PROBLEM DETAILS >> Exactly as they appear, retype the lines from the one containing "中房阳光水岸3室3厅2卫123.3㎡户型图" through the final line of the data below. Leave pictures out.

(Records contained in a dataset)
Content starts

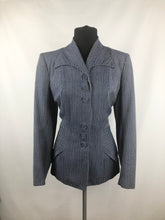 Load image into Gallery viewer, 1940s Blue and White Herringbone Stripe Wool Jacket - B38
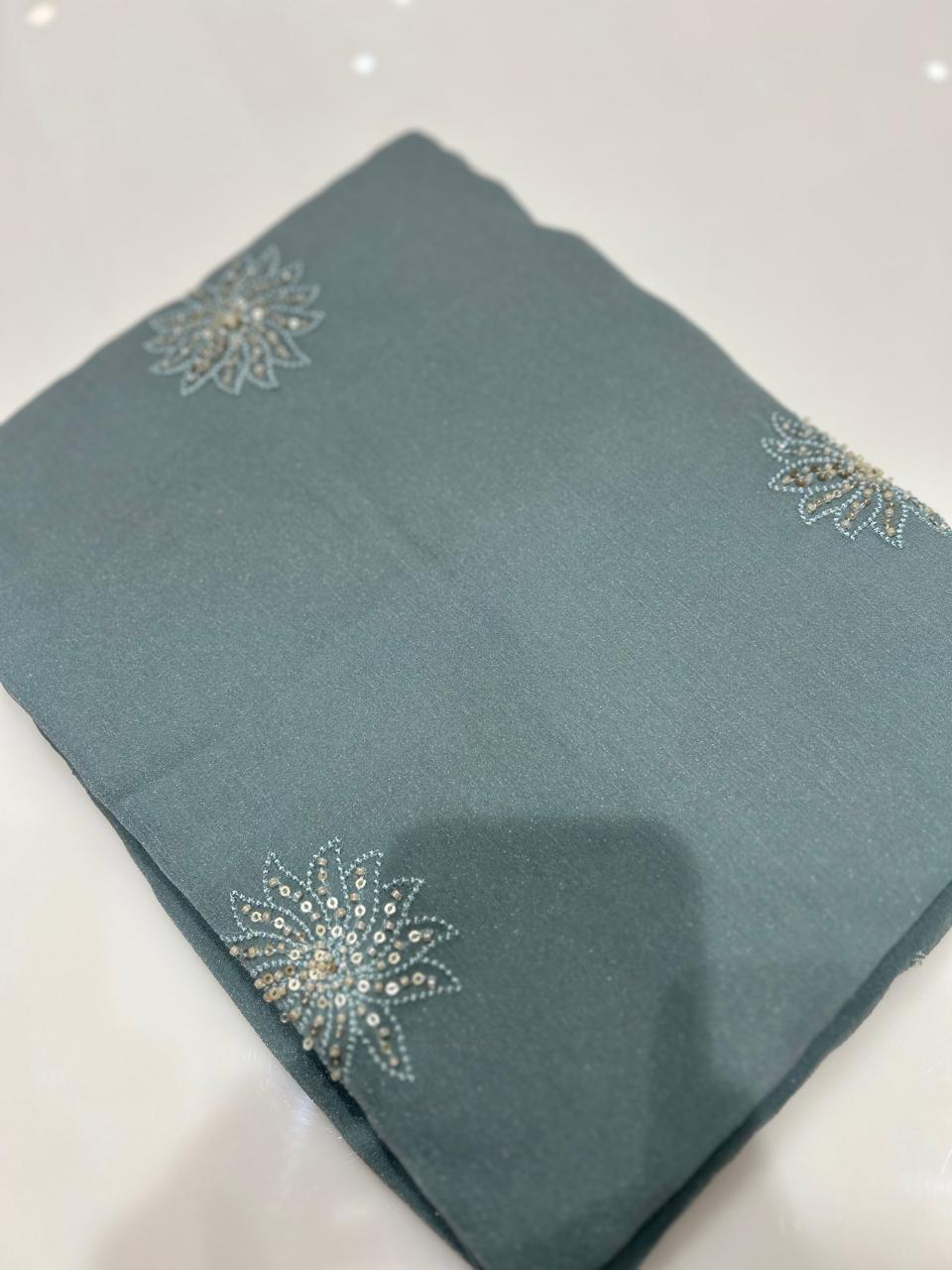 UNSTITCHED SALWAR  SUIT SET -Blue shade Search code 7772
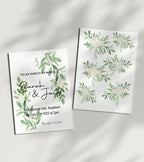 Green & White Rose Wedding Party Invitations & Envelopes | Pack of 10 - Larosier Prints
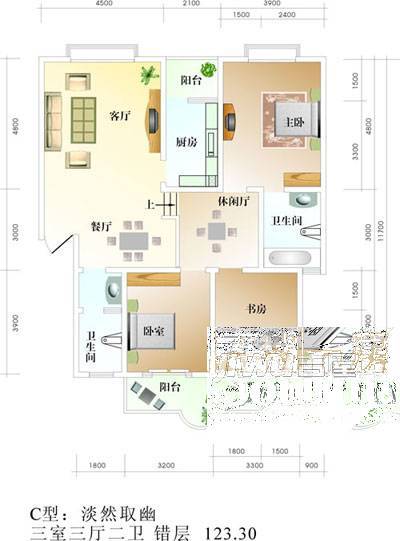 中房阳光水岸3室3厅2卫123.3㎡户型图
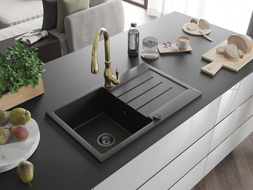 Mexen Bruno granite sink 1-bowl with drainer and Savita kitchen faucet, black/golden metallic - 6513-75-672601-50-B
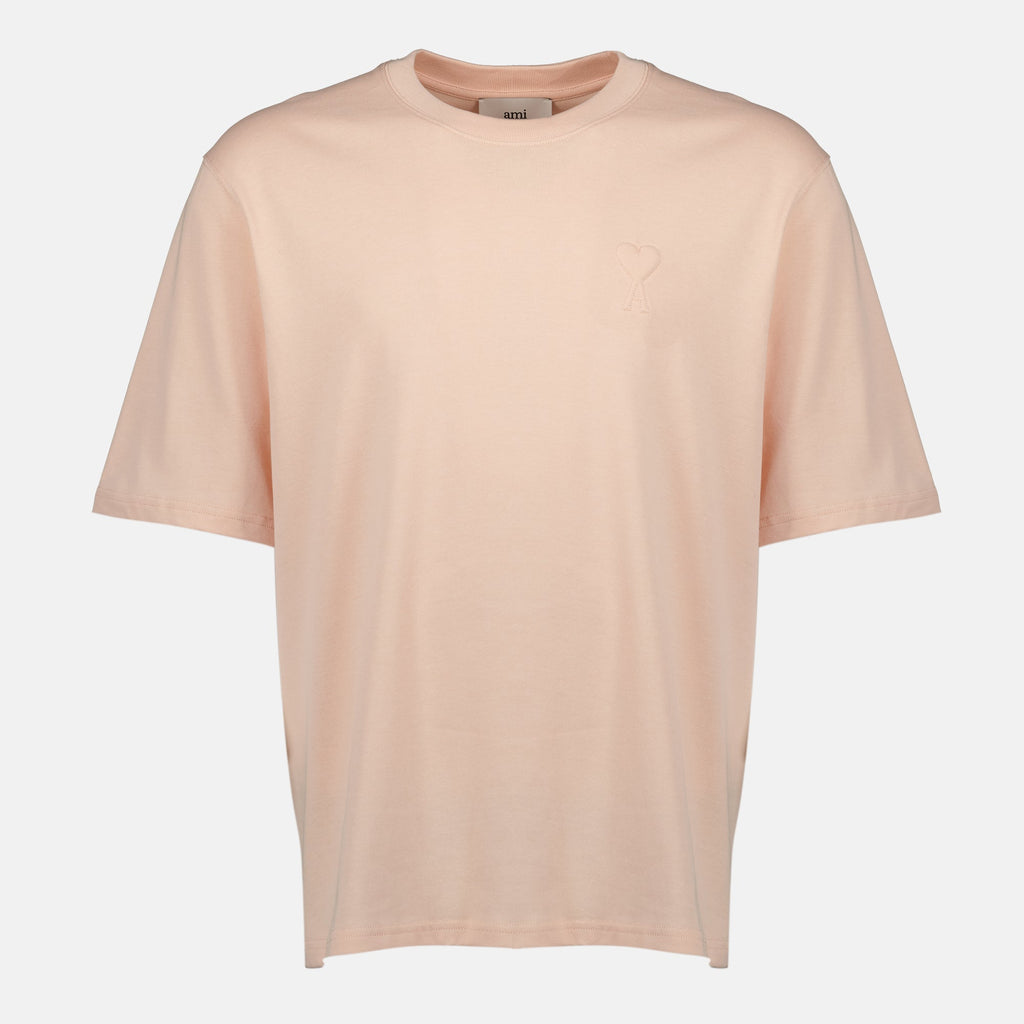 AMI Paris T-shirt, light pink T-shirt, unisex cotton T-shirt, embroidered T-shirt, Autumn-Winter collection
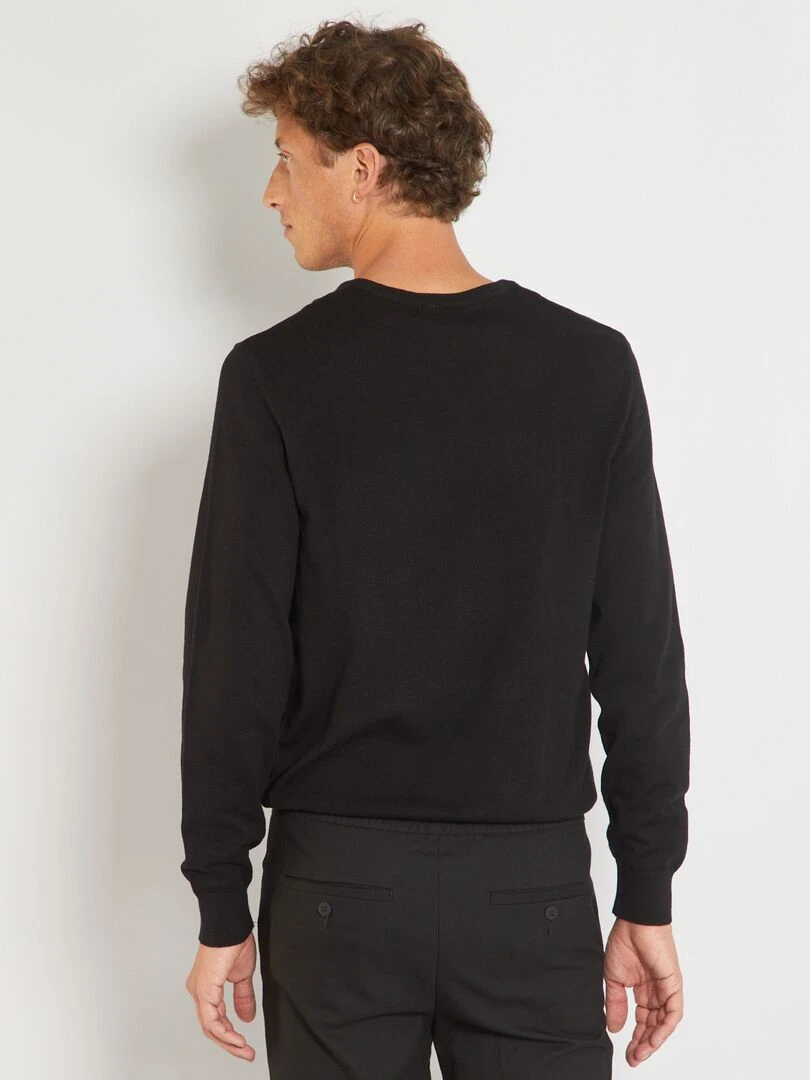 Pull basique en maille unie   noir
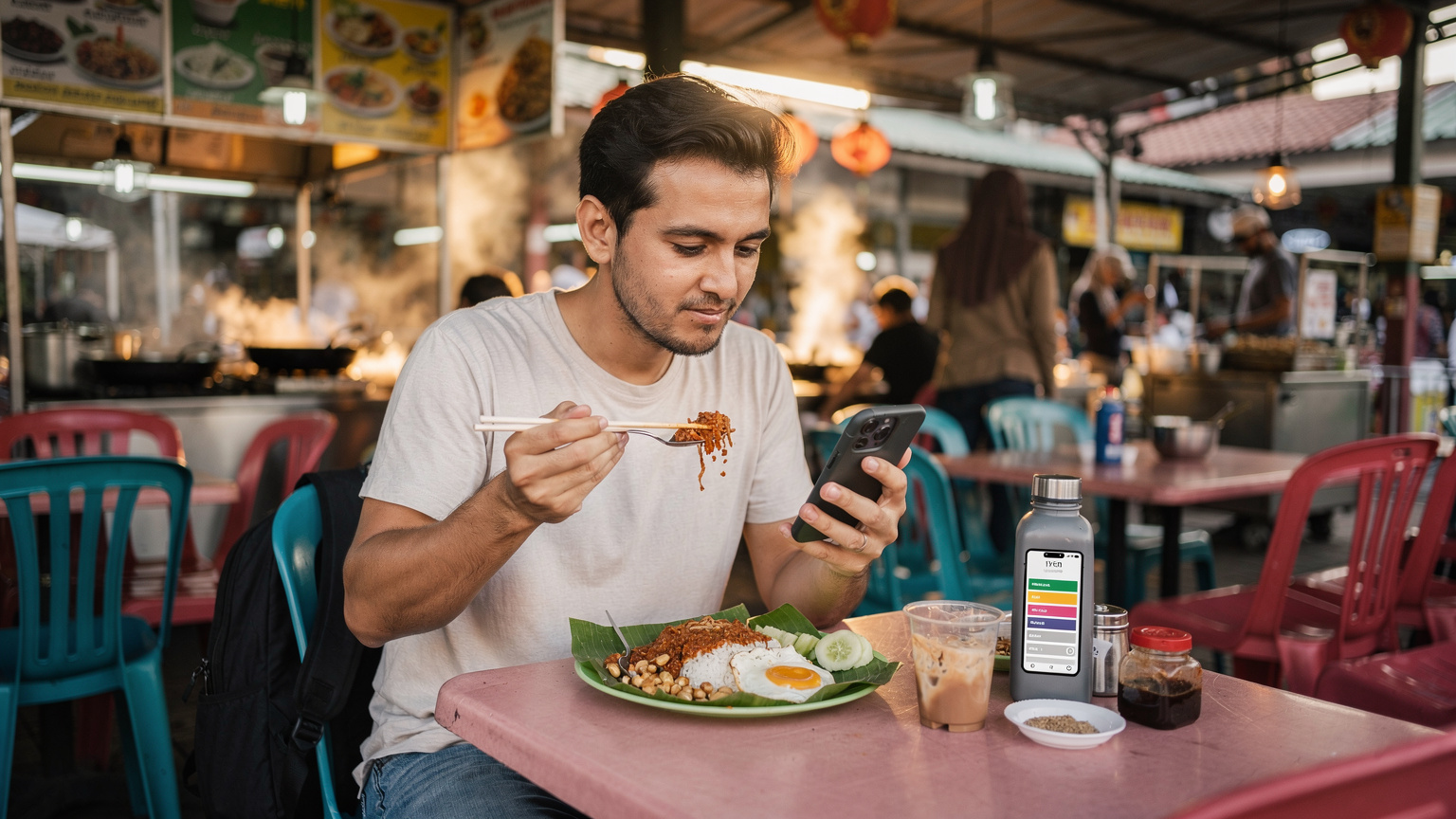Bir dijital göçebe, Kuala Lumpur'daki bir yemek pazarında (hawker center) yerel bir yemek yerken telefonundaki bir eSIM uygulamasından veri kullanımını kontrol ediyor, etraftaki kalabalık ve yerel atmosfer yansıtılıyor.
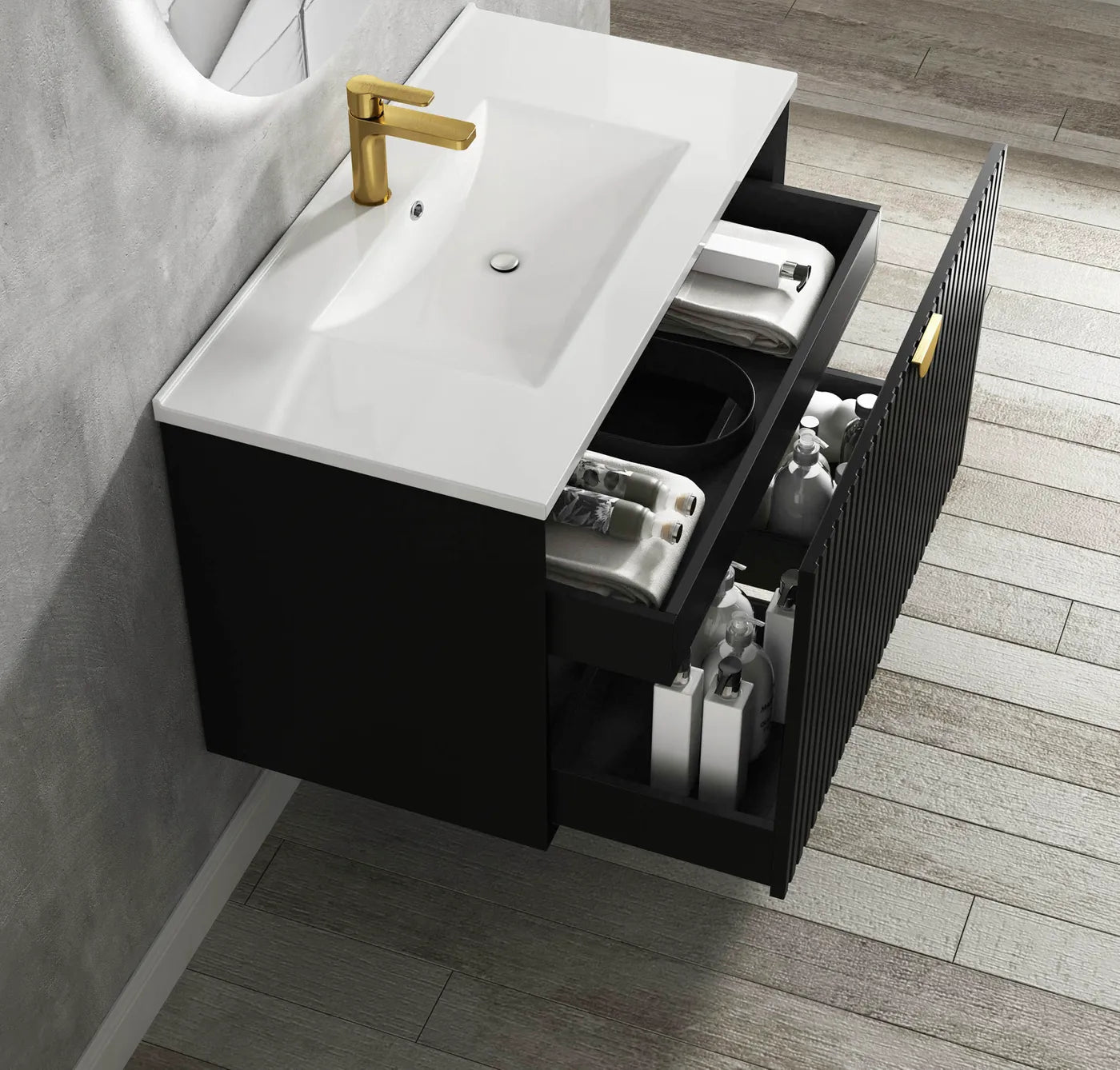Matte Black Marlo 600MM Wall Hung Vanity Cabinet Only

Content ends

ANSWER BOX >>
 中房阳光水岸3室3厅2卫123.3㎡户型图
 Mexen Bruno granite sink 1-bowl with drainer and Savita kitchen faucet, black/golden metallic - 6513-75-672601-50-B
 AMI Paris T-shirt, light pink T-shirt, unisex cotton T-shirt, embroidered T-shirt, Autumn-Winter collection
 Pull basique en maille unie   noir
Bir dijital göçebe, Kuala Lumpur'daki bir yemek pazarında (hawker center) yerel bir yemek yerken telefonundaki bir eSIM uygulamasından veri kullanımını kontrol ediyor, etraftaki kalabalık ve yerel atmosfer yansıtılıyor.
Matte Black Marlo 600MM Wall Hung Vanity Cabinet Only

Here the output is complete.